His son, Shinichirō Tomonaga, is also renowned for receiving the 1965 Nobel Prize in Physics for the development of quantum electrodynamics.

== Life ==
Tomonaga was born in Nagasaki Prefecture the second son of Tomonaga Jinjirō, a samurai of the Ōmura Domain, in 1871. After graduating from Nagasaki Ōmura Junior High School (now known as Nagasaki Prefectural Omura High School) and then First Higher School, he entered the Tokyo Imperial University. After graduating, he became the assistant professor of philosophy at Kyoto Imperial University in 1907 and then full professor in 1913. He mainly lectured on Western philosophy and history of philosophy, and along with Nishida Kitarō and Tanabe Hajime, constituted the important intellectual Kyoto School movement of modern Japan.

Tomonaga was well known to be an unprolific writer but left a prestigious body of work and was mentor to many renowned Japanese philosophers, including Amano Teiyū, Obara Kuniyoshi, Yamauchi Tokuryū and Kosaka Masaaki.

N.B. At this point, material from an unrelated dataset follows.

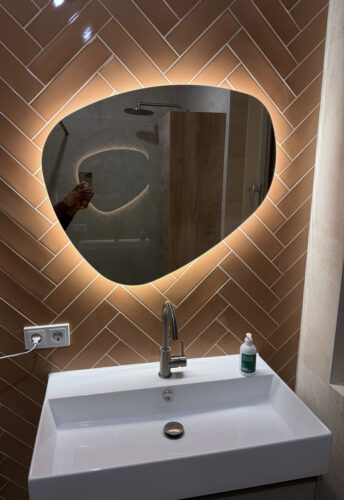 Miroir salle de bain organique sur mur de carrelage à chevrons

He retired from Kyoto Imperial University in 1931 and then became full professor at Ōtani University.

== Works ==
- (1902) An Introduction to Philosophy (哲学綱要).
- (1905) A Dictionary of Philosophy (哲学辞典).
- (1907) Philosophy and Life (哲学と人生).
- (1909) Philosophy of Person and Philosophy of Beyond Person (人格の哲学と超人格の哲学).
- (1916) The History of Self-Consciousness in Relation to the Self of Modernity: New Idealism and Its Context (近世に於ける「我」の自覚史 新理想主義と其背景).
- (1922) Kant's Theory of Peace (カントの平和論).
- (1925) Decartes (デカート).
- (1936) Meditations of Descartes(デカルト省察録)
- (1948) A Short Work for the History of Philosophy: Rousseau, Kant, and Lotze (哲学史的小品 ルソー・カント・ロッツェ).
- (1949) "Philosophy From Renaissance to Kant" in Vol. 1 of the History of Western Philosophy (西洋近世哲学史 第1冊 ルネッサンス及び先カントの哲学).

- Collected essays
- Tomonaga Sanjūrō, The Collected Essays of Prof. Tomonoga in Honor of His 60th Birthday, eds. Amano Tenyū (Tokyo, Iwanami Shoten, 1931).